Nous étions simplement enlacés, nos respirations synchronisées emplissant l'espace, et bien que l'excitation fût palpable, nous nous sommes simplement abandonnés au sommeil, du moins moi, car V demeurait éveillé.

Quelques mois plus tard, il me confia qu'il avait été incapable de fermer l'œil cette nuit-là, tant l'excitation le tenaillait.

Après cette soirée, un sentiment de culpabilité m'envahit, comme à chaque fois. Car je retrouvais toujours R, aimant, parfait, mais tellement terne. Avec V, c'était comme si je goûtais à l'éclat de la vie, émergeant d'une sorte de torpeur intérieure. Il dissipait, ne serait-ce qu'un instant, le brouillard qui m'habitait, m'offrant des fragments de clarté, exacerbant paradoxalement l'interdit qui rendait cette liaison encore plus excitante.

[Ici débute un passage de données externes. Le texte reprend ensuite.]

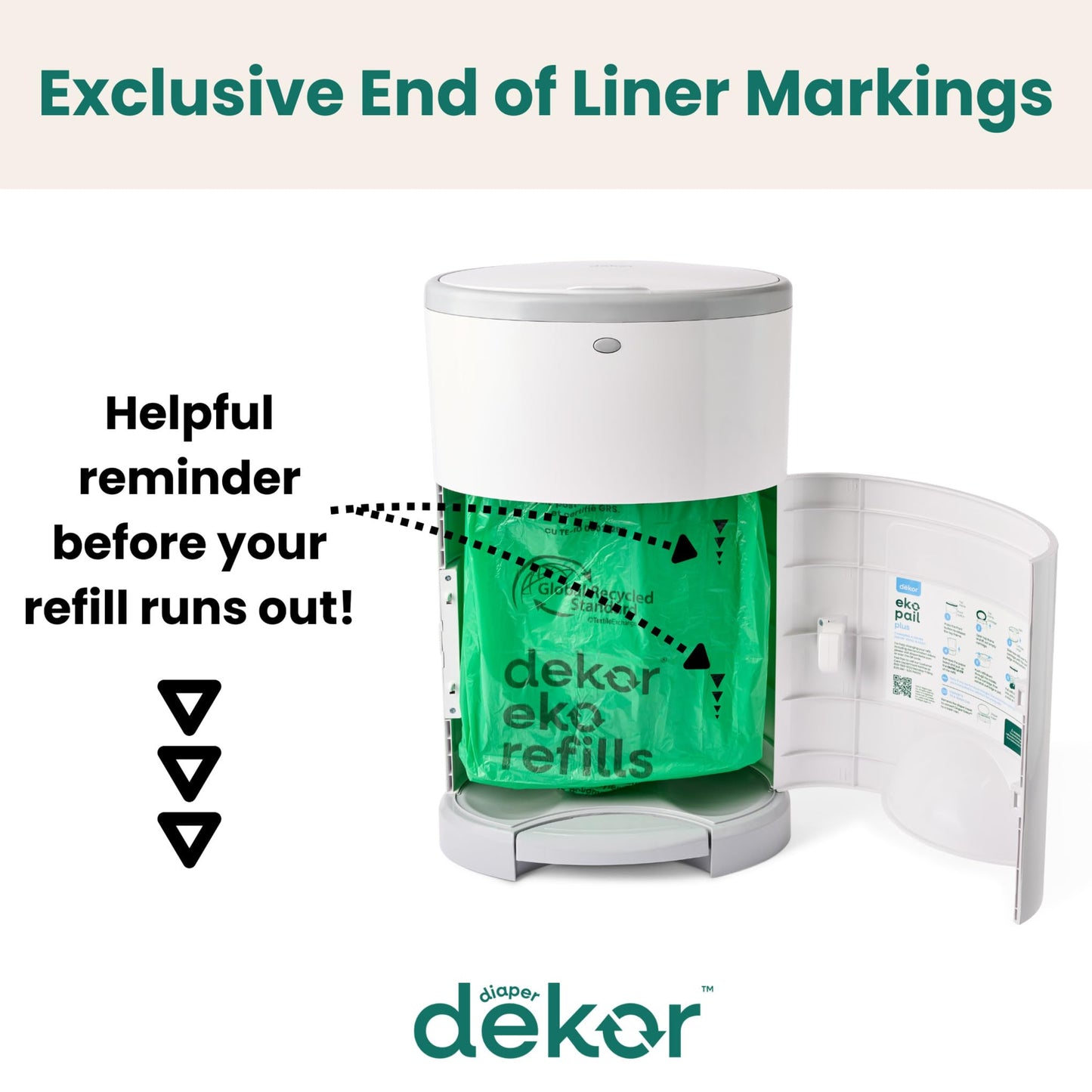 Diaper Dekor PLUS Diaper Pail Refills | 2 Count Unscented | Exclusive End-of-Liner Marking | Thick, Quick & Easy to Replace | Most Economical Refill System | for Original and Eko Style Pails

Les femmes qui trompent sont rarement évoquées ; les hommes, quant à eux, sont souvent mis en avant. Peut-être est-ce parce que le désir féminin est mal compris, en proie à des stéréotypes sociaux où l'homme est perçu comme celui qui cherche ailleurs, ou peut-être est-ce tout simplement parce que les femmes sont plus habiles, moins enclines à se faire prendre ?

Ces pensées m'assaillaient à ce moment précis.

Les jours suivants, une certaine routine s'installa avec V. Nous nous retrouvions chaque midi, nous échangions des baisers, nous blottissions l'un contre l'autre devant des vidéos. Rien de plus ne se passait, mais déjà son ami ne venait plus. Je pense qu'il avait compris, bien qu'il demeurât discret.

Aux yeux du monde, nous n'étions que les meilleurs amis, V et moi. Notre relation devait demeurer secrète, même aux yeux de nos camarades de classe. Certains connaissaient R, et auraient pu tout révéler. Les commérages et les insultes se seraient propagés jusqu'aux oreilles de R.

Mais tôt ou tard, la vérité éclate au grand jour, elle prend l'escalier, alors que le mensonge lui, prend l'ascenseur.

Puis vint une après-midi pluvieuse qui changea tout, amplifiant une situation déjà délicate. Avec V, nous avons séché un cours pour rejoindre son appartement. Le temps imparti pendant la pause déjeuner devenait insuffisant ; je désirais toujours plus de lui.

Nous nous sommes embrassés dès notre arrivée, puis avons entamé des préliminaires. Le temps a filé à toute allure, et je me suis vue contrainte de rentrer chez moi, dans l'appartement que je partageais avec R.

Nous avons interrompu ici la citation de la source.